Nigerian athlete (born 2004)

Charles Edward Godfred (born 17 April 2004) is a Nigerian long jumper. He was African under-20 champion in 2023, and winner of the Nigerian Athletics Championships in 2024 and 2025.

==Biography==
Godfred won the African U20 Athletics Championships in 2023 in Ndola, Zambia, with a jump of 7.86 metres. That year, he also ran a 100 metres time of 10.96 seconds (+0.2 m/s wind) and finished third in the 100 metres at the 3rd African Golden League meet in Abuja and signed-up to attend the University of Minnesota in the United States.

Competing for the University of Minnesota in 2024, he placed sixth at the 2024 NCAA Division I Outdoor Track and Field Championships in Eugene, Oregon in June, with a jump of 7.90 metres. He was the winner of the Nigerian Olympic Trials in Benin City later in June 2024, making a personal best jump of 8.16 metres, a distance which was the furthest by a Nigerian since Stanley Gbagbeke in 2012, and moved him to seventh on the Nigerian all-time list.

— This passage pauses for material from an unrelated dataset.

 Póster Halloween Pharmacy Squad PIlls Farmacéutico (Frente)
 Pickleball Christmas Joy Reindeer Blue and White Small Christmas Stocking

In March 2025, he jumped 7.93 metres to win the men's long jump at the Arizona Spring Break Fiesta. In May, he won the Big Ten Conference in Eugene, Oregon with a jump of 8.05 metres. Godfred finished fourth at the 2025 NCAA Outdoor Championships in June in Eugene, Oregon, the highest finish in the event in the Minnesota Gophers program history.

In 2025, Godfred retained his national title at the Nigerian Athletics Championships in Abeokuta with a jump of 7.95 metres. In September 2025, he competed at the 2025 World Championships in Tokyo, Japan, without advancing to the final.

In May 2026, Godfred won a third consecutive long jump title with a best distance of 7.99m at the Big Ten Championships.